Only one sizeable road in poor condition enters the district from nearby Ou Chrov district. It is 35 kilometres on this road from Malai town to the National Highway 5 near Poipet. From here, it is a further 40 kilometres to Sisophon. Malai district is one of the smallest districts in Banteay Meanchey province by land area and also has the smallest population.
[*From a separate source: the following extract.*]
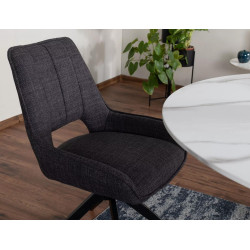 Obrotowe krzesło tapicerowane Tello Bjorn czarny stelaż/szary 13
Like many former Khmer Rouge held areas of the country of Democratic Kampuchea (1975-1979), infrastructure is in poor condition or is non-existent. Most of the interior of the district is uninhabited and nearly all the 37 villages in the district are located close to the border. One provincial road begins at the border and runs east through the district to an intersection near Souriya in Ou Chrov district. Numerous smaller roads also run to the Thai border along the length of the district.

== Location ==
Malai District lies in the far west of the province and shares a border with Sa Kaeo province of Thailand. Reading from the north clockwise, Malai borders with Amphoe Aranyaprathet of Thailand to the north west and Ou Chrov district to the north east. The eastern border of the district is shared with Ou Chrov and Mongkol Borei districts. To the south, the district shares a border with Bavel and Sampov Lun districts of Battambang province. The western border of the district also joins with Aranyaprathet district of Sa Kaeo province in Thailand.

== Administration ==
The Malai district governor is Mr. Tep Khunnal. He was promoted to the position in May, 2005, previously he served as deputy district Governor. Khunnal is a former Khmer Rouge diplomat and was part of the rebel group's delegation to the United Nations during the 1980s. He was a close associate of Pol Pot and on one occasion translated for the KR leader during a rare interview with a western journalist in 1997.

After Pot's death in 1998, Khunnal married the deceased leader's wife and moved to Malai district in Banteay Meanchey. He reports to Oung Ouen, the Governor of Banteay Meanchey. The following table shows the villages (phums) of Malai district by communes.

| Name | Khmer | Subdivisions |
|---|---|---|
| Boeng Beng | បឹងបេង | 5 phums: Chambak, Chrey, Lvea, Phnum Rung, Sangkae |
| Malai | ម៉ាឡៃ | 8 phums: Dom Bouk Vil, Doung, Kandal, Kbal Spean, Thmey, Trasek Chrum, Veal Hat, Wat Chas |
| Ou Sampoar | អូរសំព័រ | 4 phums: Banteay Tipi, Kbal Tomnob, Ou Sampoar I, Ou Sampoar II |
| Ou Sralau | អូរស្រឡៅ | 8 phums: Boeng Reang, Chankiri, Chheuteal, Kandaol, Ou Sralau, Phnum Kaubei, Svay Prey, Thmei |
| Ta Kong | តាគង់ | 6 phums: Ballang, Chaeng Maeng, Kcheay, Paoy Angkor, Srah Phluoh, Ta Kong |
| Tuol Pongro | ទួលពង្រ | 12 phums: Aphivoat, Banteay Timuoy, Boeng Chhuk, Khla Ngeab, Koh Snuol, Ou Ampil, Ou Kes, Reaksmey Meanchey, Santepheap, Sralau Chrum, Tuol Pongro, Tuol Prasat |

== Demographics ==
The district is subdivided into 6 communes (khum) and 37 villages (phum). According to the 1998 Census, the population of the district was 22,724 persons in 4,383 households in 1998. This population consisted of 11,697 males (51.5%) and 11,027 females (48.5%). With a population of around 20,000 people, Malai has the smallest district population in Banteay Meanchey province. The average household size in Malai is 5.2 persons per household, which is exactly the same as the rural average for Cambodia. The sex ratio in the district is 106.1%, with significantly more males than females.